:: DATA FOR THE TASK ::
"""
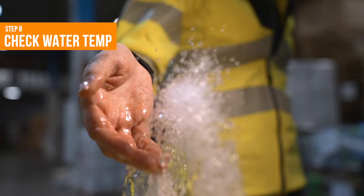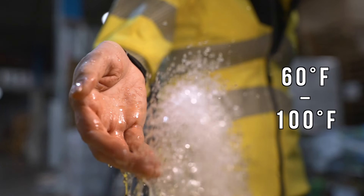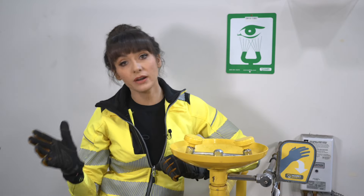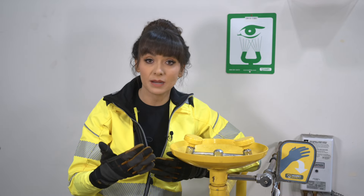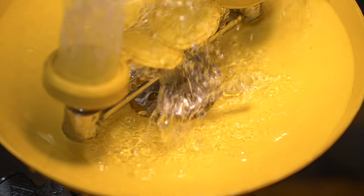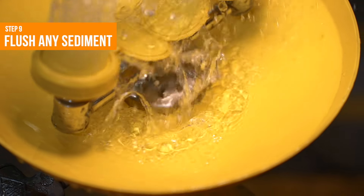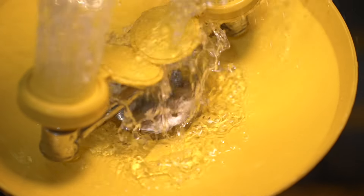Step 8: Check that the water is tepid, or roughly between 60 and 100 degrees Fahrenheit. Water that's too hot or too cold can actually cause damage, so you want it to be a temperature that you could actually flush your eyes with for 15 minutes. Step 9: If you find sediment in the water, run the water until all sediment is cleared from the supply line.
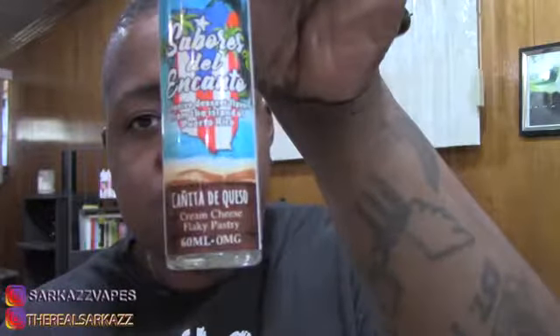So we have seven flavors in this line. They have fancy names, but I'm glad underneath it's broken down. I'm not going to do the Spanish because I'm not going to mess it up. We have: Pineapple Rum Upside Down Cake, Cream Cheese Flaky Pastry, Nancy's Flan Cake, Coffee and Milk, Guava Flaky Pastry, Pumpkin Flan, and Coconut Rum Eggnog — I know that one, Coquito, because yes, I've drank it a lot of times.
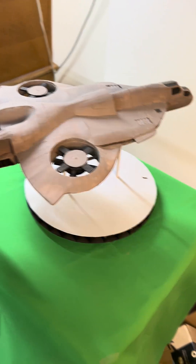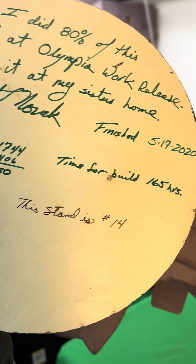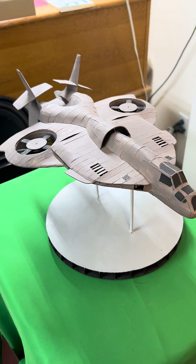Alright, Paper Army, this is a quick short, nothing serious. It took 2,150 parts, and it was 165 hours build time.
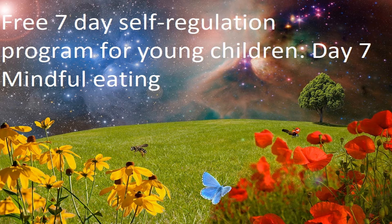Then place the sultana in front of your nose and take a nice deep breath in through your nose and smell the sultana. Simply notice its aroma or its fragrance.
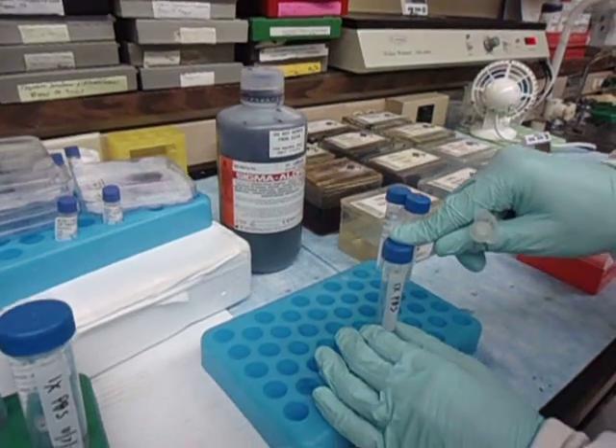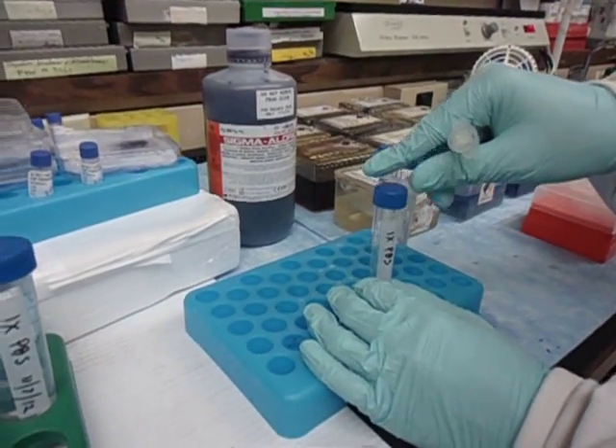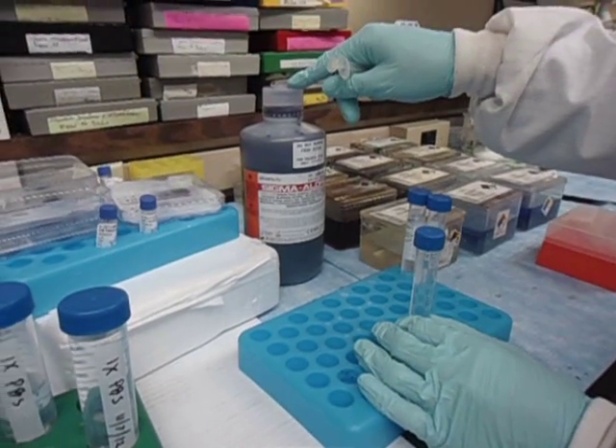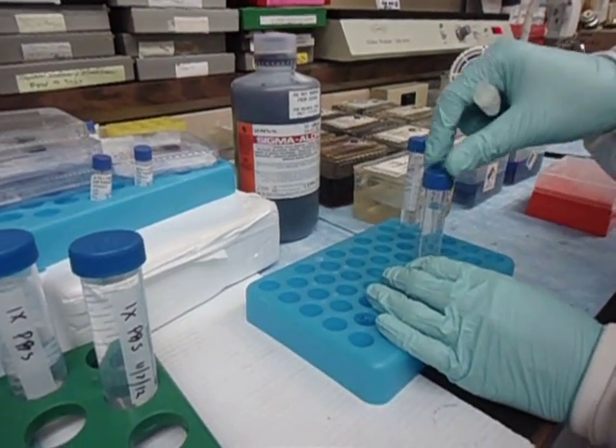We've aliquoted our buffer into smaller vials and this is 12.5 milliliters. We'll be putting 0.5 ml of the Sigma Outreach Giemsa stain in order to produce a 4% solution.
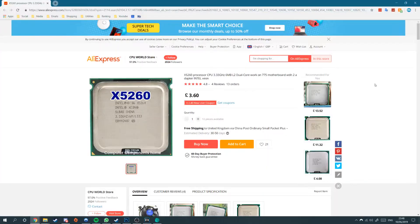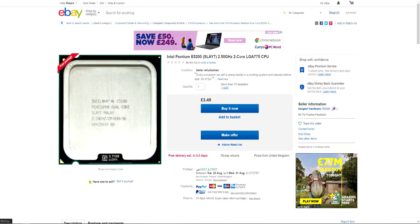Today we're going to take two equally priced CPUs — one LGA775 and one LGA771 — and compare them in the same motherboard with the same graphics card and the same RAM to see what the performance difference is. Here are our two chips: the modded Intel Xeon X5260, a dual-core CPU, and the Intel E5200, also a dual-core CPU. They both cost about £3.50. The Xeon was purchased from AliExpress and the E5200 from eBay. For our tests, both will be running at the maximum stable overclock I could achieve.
"""
:: YOUR GOAL ::
Print, word for word, the lines above that run from the line containing "Alright, Paper Army, this" to the line containing "We've aliquoted our", both included. Keep the pictures out.

:: TASK RESPONSE ::
Alright, Paper Army, this is a quick short, nothing serious. It took 2,150 parts, and it was 165 hours build time.
Then place the sultana in front of your nose and take a nice deep breath in through your nose and smell the sultana. Simply notice its aroma or its fragrance.
We've aliquoted our buffer into smaller vials and this is 12.5 milliliters. We'll be putting 0.5 ml of the Sigma Outreach Giemsa stain in order to produce a 4% solution.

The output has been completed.